Here are this week’s Life Pro Tips.
1. If you have too much free time and not enough happiness right now, Yale has released its course ‘The Science of Well-Being’ online for free.
2. California law states that people must be able to cancel subscriptions online so simply download a VPN and set the location to a city in California to avoid having to call to cancel a subscription.
3. DON’T adopt an animal during this craziness because you’re lonely, alternatively: reach out to your local animal shelter and see if they need help being a temporary foster. A failed foster (pet is adopted) is better than a failed adoption.
4. If you’re playing a video game with someone who is entirely new to it, don’t just instruct them on how to play most efficiently, it turns their joy of discovery and fun into a job. If anything you should let them take the lead and answer questions when they have them.
5. Here is advice for extended time alone at home.
Work out every day: You go into this like a prison sentence thinking you’ll have a six-pack by the time they lift the quarantine, but the stress of your remote work, caring for others, etc don’t leave you the free time you thought it would. You are exhausted and stressed out. When you don’t get exercise, you stop being able to manage stress, you stop being able to sleep well, and there is nothing like insomnia to make you unravel. If you hate it, aim for 10 minutes. If you stop sleeping, know that exercise is the fastest way to reverse that.
Socialize as much as possible: Obviously from a safe distance or online, but it’s so easy to fall into a pattern of work and TV, binging news, and self-isolation. Sharing your experience with others, talk, and human contact is critical. If you live with someone, (and therefore not practicing social distancing) make sure to hug them as much as possible. If you live alone, hug yourself, give yourself little massages, take long baths. We are tactile creatures and a lack of human contact can cause depression, stress, and poor health overall. Lack of touch can also exacerbate anxiety disorders and various mood disorders.

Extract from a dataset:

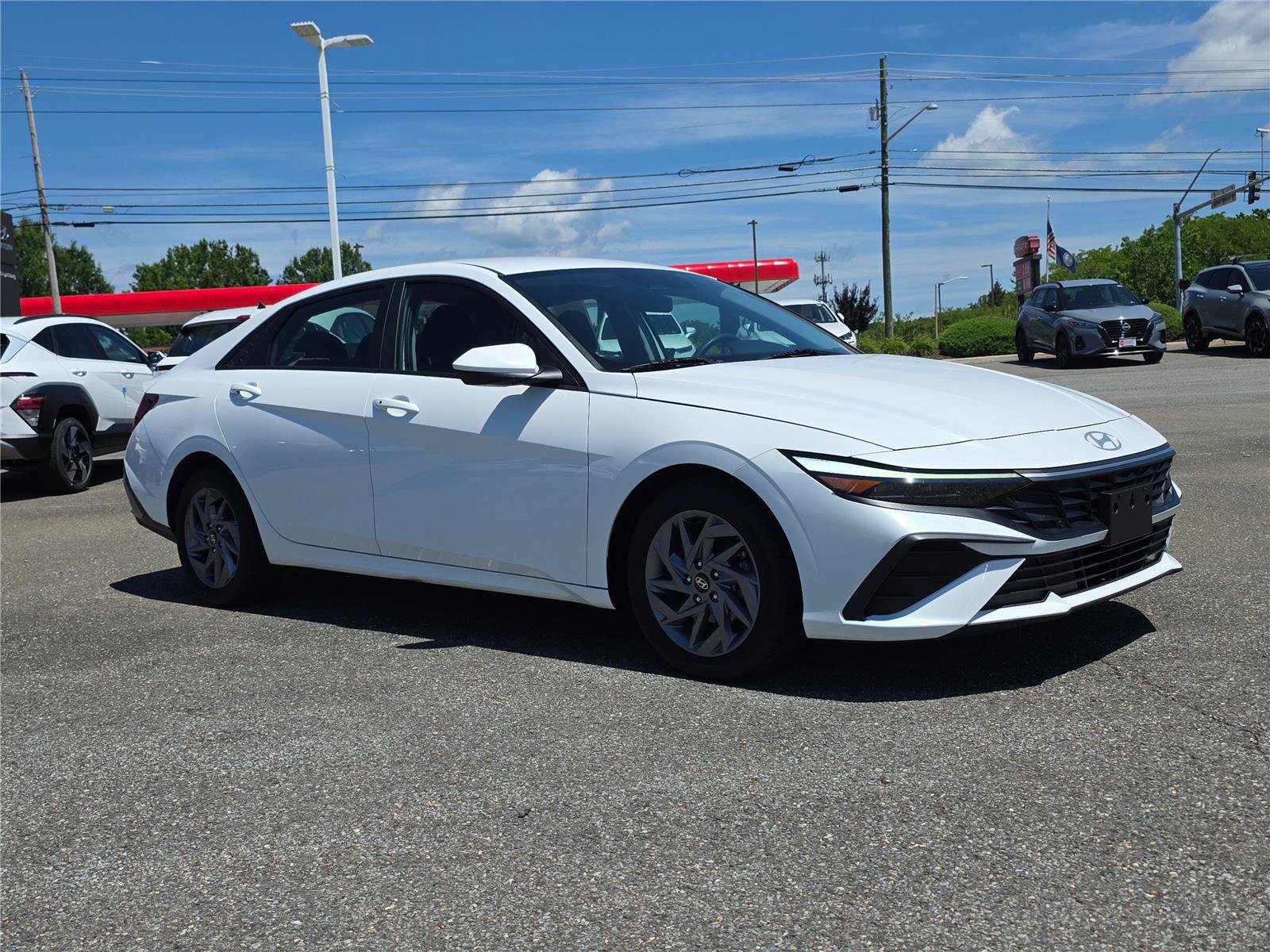 Certified 2024 Hyundai Elantra SEL FWD image 2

Disconnect from the scary thing, and laugh as much as possible: So easy to while away your days on twitter and news feeds trying to keep track of what’s going on. Terrible for mental health. Check-in on that as needed, and then tear yourself away and feed your brain with books, and conversations with others, movies, and TV, online classes, etc. Take advantage of all the stuff that is being made freely available, learn a skill whatever. Most of all, laugh. Watch comedies, read funny books, appreciate the ironies of the situations you’ll inevitably encounter, write them down. Laughter releases endorphins, promoting well-being and relieving stress. Ideally, laugh with others.
Help someone: It makes you feel useful in a time when it’s hard to feel useful. It’s easy to question the point of your work when *that* is happening outside. Guaranteed there is someone nearby, literally and figuratively, who needs help. Put up a few signs offering to help those who need groceries or medicines, offer to walk dogs. Adopt a pet short term before the inevitable closure of shelters. Call family members, let stressed-out friends vent to you, be a safe space. If you have extra money, give it to someone who doesn’t. There are a million ways to help, and every one of them will make you and someone else feel better.
Check-in on your own mental health: It’s easy to think you’re fine, mental health issues often emerge like the boiling frog fable. Stop, take a minute and ask yourself how you’re doing. Ask for help when you need it, and know that lots of mental health support services are available online, including therapy over skype/zoom.